Что это означает? Почему Чебутыкин з а б ы л, любила ли его та женщина, которую сам он любил всю жизнь? Если она его н е любила, это, наверное, было для него так горько и больно, что такого и до смерти не забудешь, и вместе с тем в старости, много лет после смерти любимой, в этом можно признаться, не оскорбляя ее памяти, перед ее же дочерью: нет, она меня не любила… Если же мать трех сестер л ю б и л а Чебутыкина, это было для него таким счастьем, которое согрело его жизнь навсегда, но этого, из уважения к памяти умершей, нельзя открыть никому даже в глубокой старости,- а в особенности Маше, ее дочери, рожденной ею от мужа. Вот почему Чебутыкин говорит, что он «этого уже не помнит», и, как правдивый человек, произносит эту ложь с запинкой, по чеховской ремарке, «после паузы». Значит, Чебутыкин и мать трех сестер любили друг друга. Но она была замужем, а муж ее был человек нрава крутого, деспотического. Вспомним, как говорит о нем Андрей; «Отец, царство ему небесное, угнетал нас воспитанием. Это смешно и глупо, но в этом все-таки надо сознаться, после его смерти я стал полнеть… точно мое тело освободилось от гнета…»
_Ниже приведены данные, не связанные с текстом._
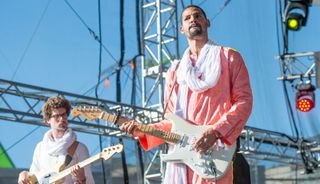 Mikey Coltun (left) and Mdou Moctar perform on the Hydro Quebec stage at Place D'Youville during Day 4 of the 52nd Festival D'été Quebec on July 7, 2019 in Quebec City, Canada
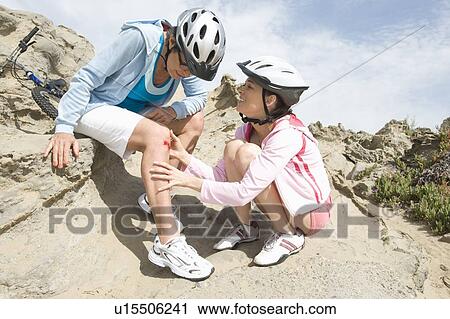 Stock Image - Woman consoles friend with bleeding knee. Fotosearch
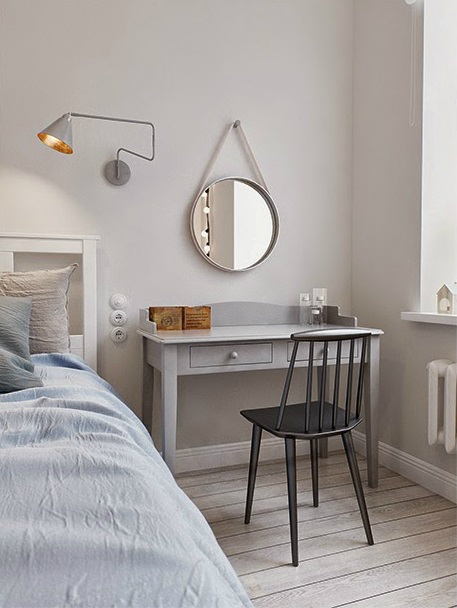 Szary kinkiet nowoczesny , okrągłe lustro na rzemyku,szara toaletka z grafitowym krzesłaem w sypialni z białym łóżkiem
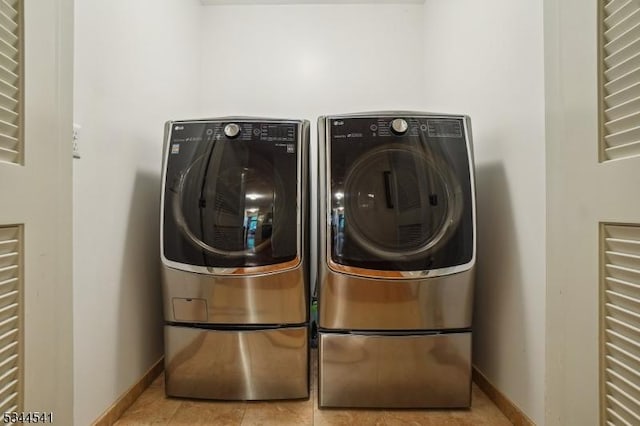 laundry room with independent washer and dryer, baseboards, and tile patterned floors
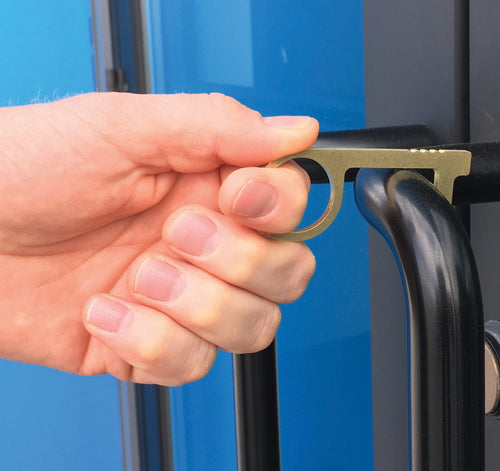 A hand holding the key grip to open a door by pulling it from the handle.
Все это частично дает ответ на часто задаваемый вопрос: почему же сестры Прозоровы только мечтают о переезде в Москву, только твердят на все лады: «В Москву! В Москву!» - а не переезжают туда? Ведь это же проще простого, для этого не надо ни заграничного паспорта, ни разрешения святейшего синода,- решились, уложились и поехали, только и всего. Нет, сестры не едут в Москву потому, что воспитание и семейная обстановка сделали их нерешительными, слабовольными, пассивными мечтательницами. Они привыкли слушаться и покоряться деспотической воле отца и не умеют действовать по своей собственной воле. Не могла помочь этому и мать: она сама склонялась перед мужем, в особенности если сознавала свою вину перед ним в том, что любила другого. Вот почему сестры так и не переезжают в Москву, вот почему даже у Маши, самой сильной, волевой из сестер, полюбившей Вершинина и сошедшейся с ним, явно никогда не достанет воли на то, чтобы уйти от нелюбимого мужа, с которым ее ничто не связывает,- ибо даже детей у них нет,- не достанет воли на то, чтобы уйти вслед за Вершининым, жить там, где он живет, и быть счастливой хотя бы сумеречным тайным счастьем.